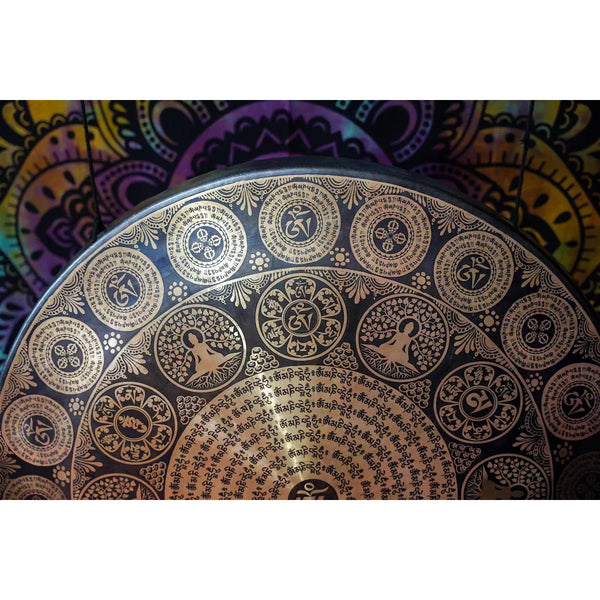 Tibetan Om Mantra Buddha Carving Gong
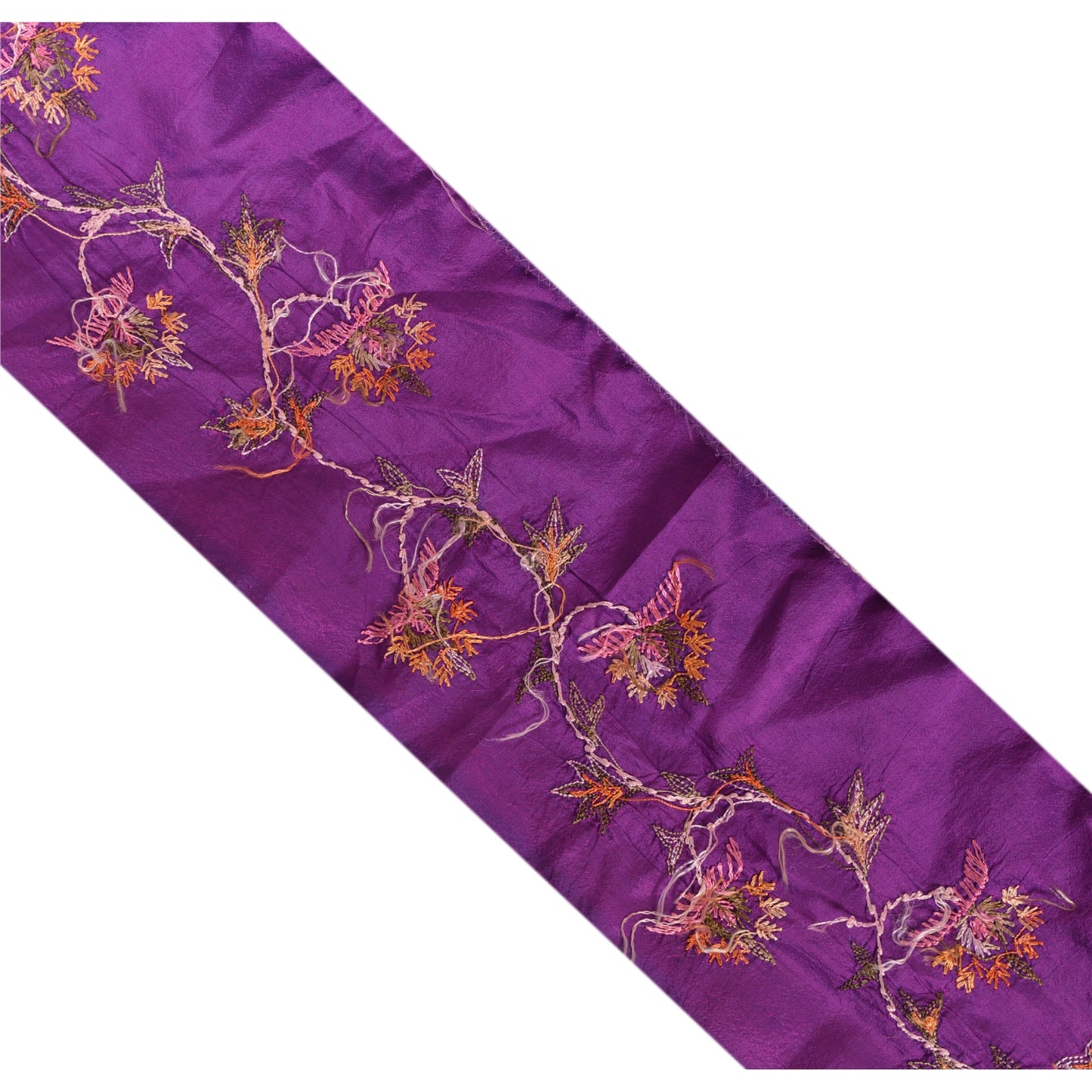 Sanskriti Vintage Sari Border Hand Embroidered 1YD Trim Sewing Purple Craft Lace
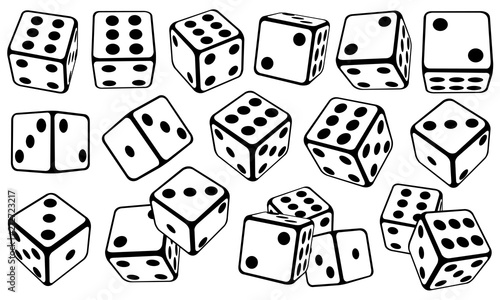 Set of dice in different positions isolated on white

§ §

▶ [Requirement]: Where a picture appears in the listing above, skip it and set down all the rest exactly.

▶ [Reply]:
 Tibetan Om Mantra Buddha Carving Gong
 Sanskriti Vintage Sari Border Hand Embroidered 1YD Trim Sewing Purple Craft Lace
 Set of dice in different positions isolated on white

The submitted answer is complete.